Knowledge is (no longer) power.
Most knowledge has been democratised.
It’s no longer about the knowledge we keep in our brain.
Power now comes from the questions we ask.
Power comes from the snippets of knowledge that we can creatively connect.
Your ability to deeply connect is power.
Doing is power.
In a world where information abounds, it’s skills (earned by learning and then doing) that are power.
It’s not so much that we have an information overload problem, but an implementation underload problem.
Before founding Passionate About OSS (PAOSS), I loved the role that I was doing at a carrier here in Australia. However, it was frustrating. I felt like a 5 day week only delivered 1 day of progress. The other 4 days of potential progress seemed to be consumed by the bureaucratic process of meetings / collaborations, endless document reviews / re-writes, approvals, etc.
It wasn’t just that carrier, but each of the other big carriers that I worked with… They all seemed to impart a ~20% efficiency factor on me, which was infuriating. I was actually beginning to wonder whether I was just getting inefficient in my old age (probably true). Luckily, when I started working from the outside in to those same carriers (after founding PAOSS), I immediately started to feel like each day of effort was delivering a day of forward progress again! Phew!!
But, recently an awareness that we now have the tools to know anything has got me re-thinking. What can we do to help improve efficiency in the world of telco and OSS?

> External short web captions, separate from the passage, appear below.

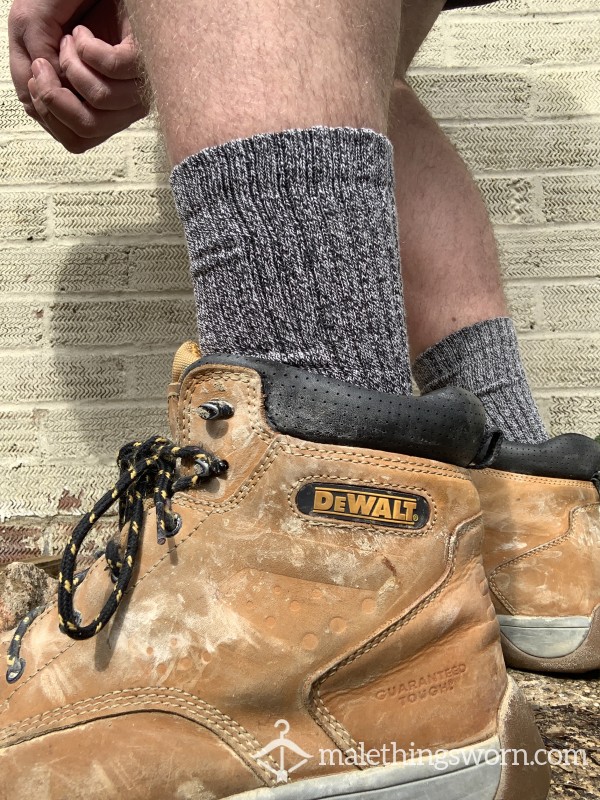 Smelly Workman’s Socks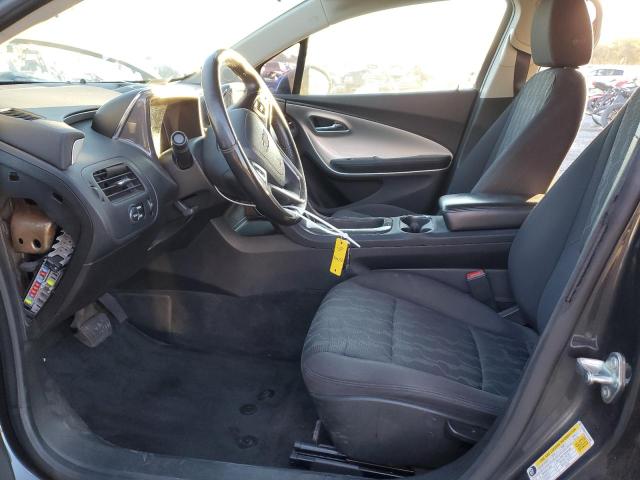 Photo 7 from auction – 2015 CHEVROLET VOLT with VIN 1G1RC6E47FU124368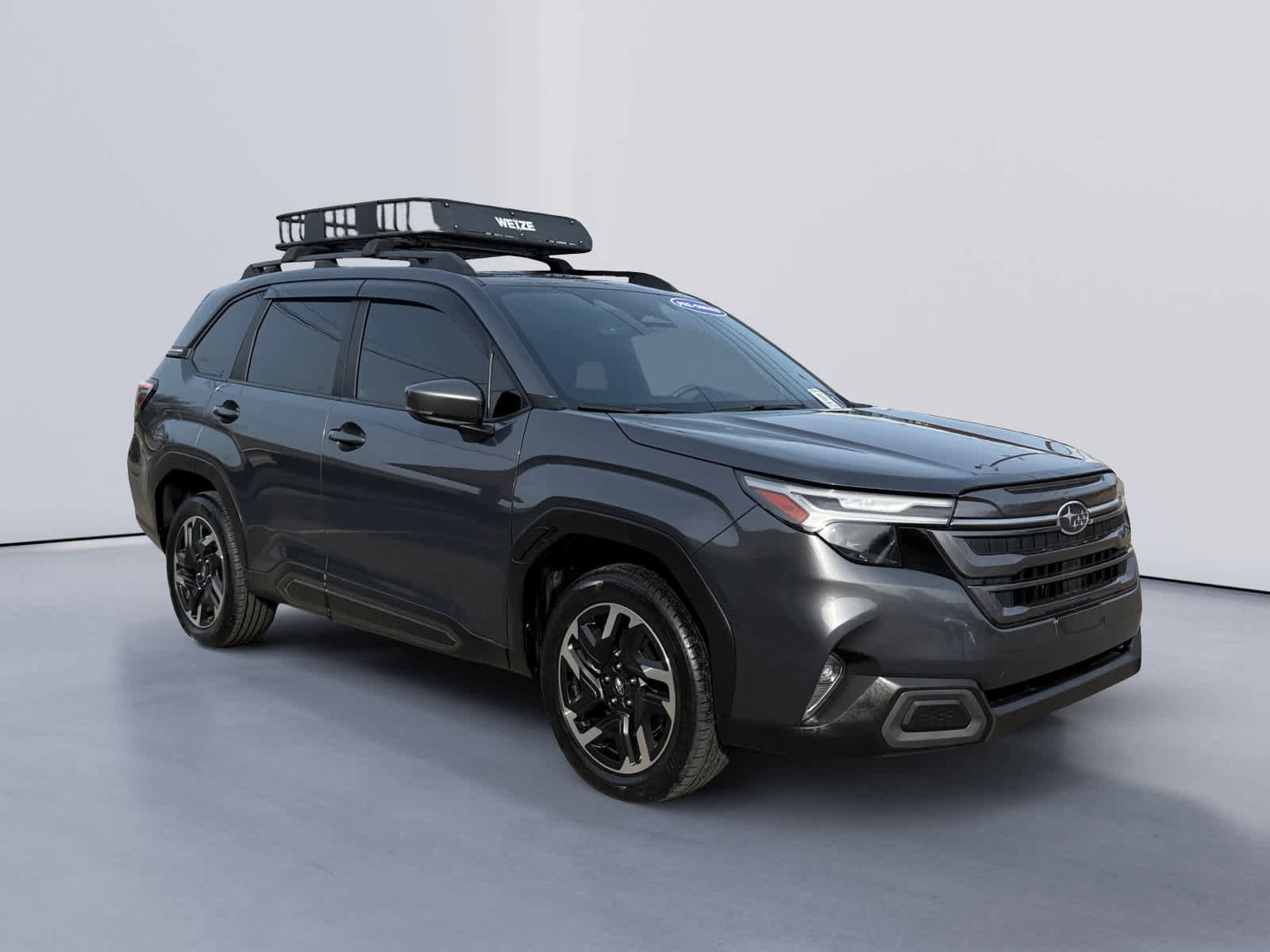 Certified 2025 Subaru Forester Limited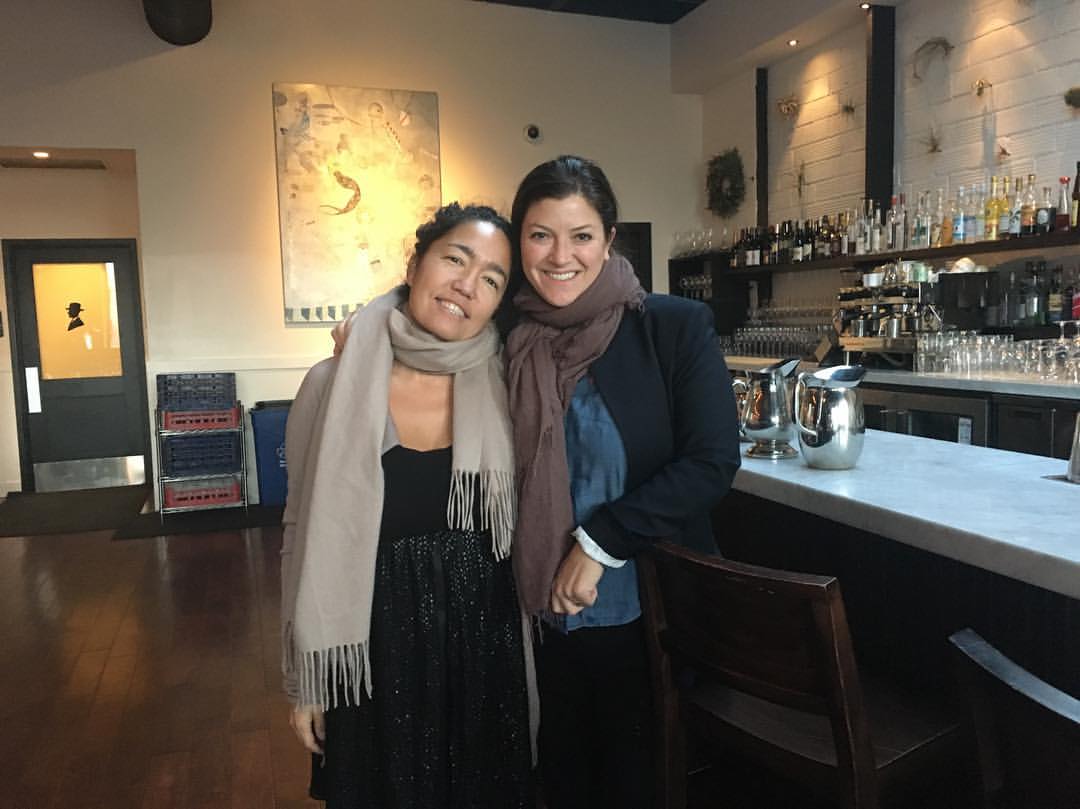 TheDeepSkyFilm's tweet photo. Our big thanks to @A16Rockridge for the use of your wonderful restaurant as a location for our film. @A16Rockridge 
@shelleylindgren https://t.co/SlCldrPZwX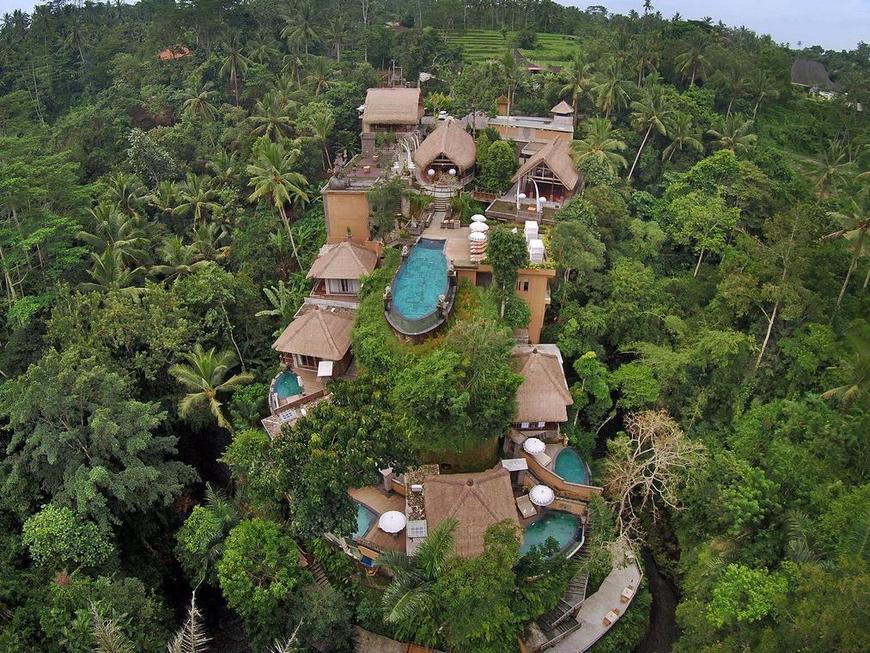 Place The Kayon Resort Ubud by Pramana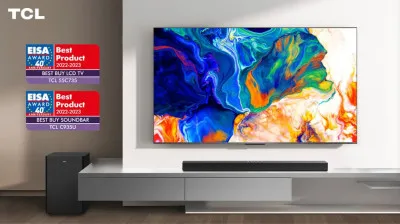 Телевизор TCL 65" 4K LED Smart TV Wi-Fi Android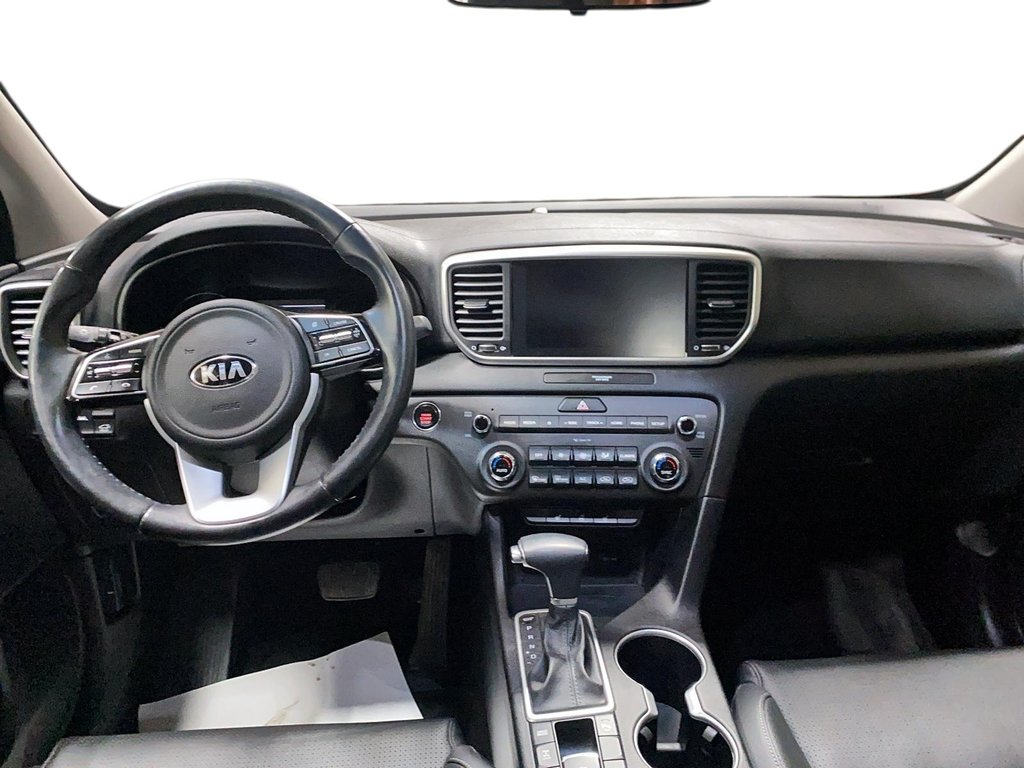 Kia Sportage  2022 à Chicoutimi, Québec - 10 - w1024h768px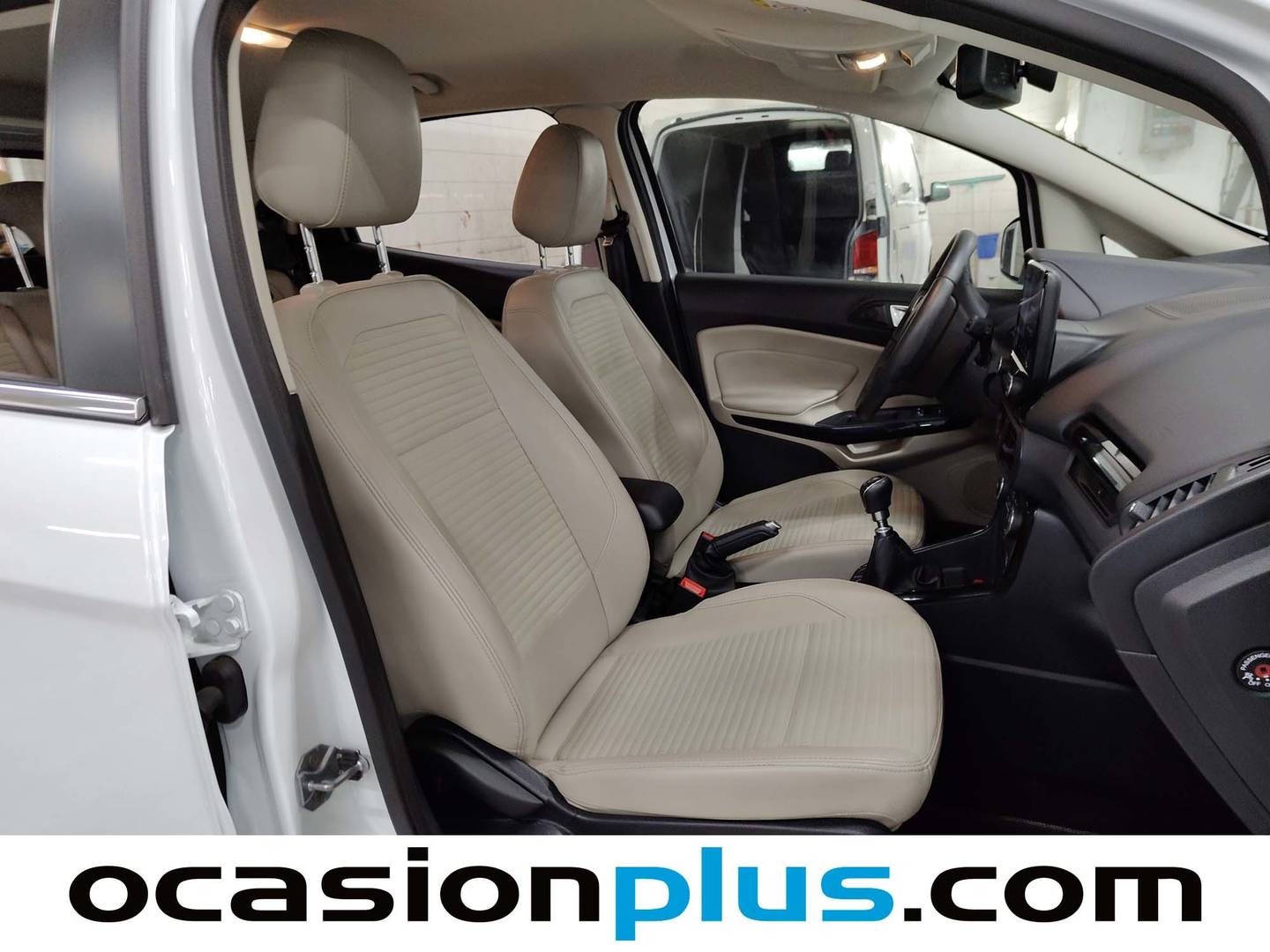 Foto Ford EcoSport Ford EcoSport 1.0T EcoBoost S&S Titanium (140 CV)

For a start we can do less talking and more doing (I’m pointing the finger inwards [at myself] as well as outwards here!). We can do less meetings. But we already know those two concepts.
I wonder whether it just comes down to the speed of decisions? If we can make a commitment to just make each decision by the end of the day instead of by end of week, then we gain a 5x increase in decision speed. Then if we work backwards, we could ponder what has to happen to make faster decisions?
For a start, could we cut back on meetings / collaborations, endless document reviews / re-writes, approvals, etc? Do we only insert all of these because telco employees are incentivised to make perfect decisions (or perhaps more precisely, to not make a false decision or there will be social punishment and career-limiting behaviours)? [Do we consider where outsourced contractors are on time and materials contracts that incentivise taking as long as possible to complete a task?]
Compare this to the world of IT, which has more of a culture of build, fail fast (sometimes) and iterate. Is that why most of the innovations in telco in recent decades have actually been borrowed from IT?
What if, all the way from the top of the organisation, employees were encouraged and incentivised for speed and iterative improvements rather than “don’t stuff up” and make sure every decision is triple-checked and then audited and then scrutinised and then pontificated over before actually being implemented? Would our OSS not become so complex and bloated (and take soooo long to deliver)?
Would that Asian telco be better served by switching from a culture of “knowledge is power” to “speed is power?”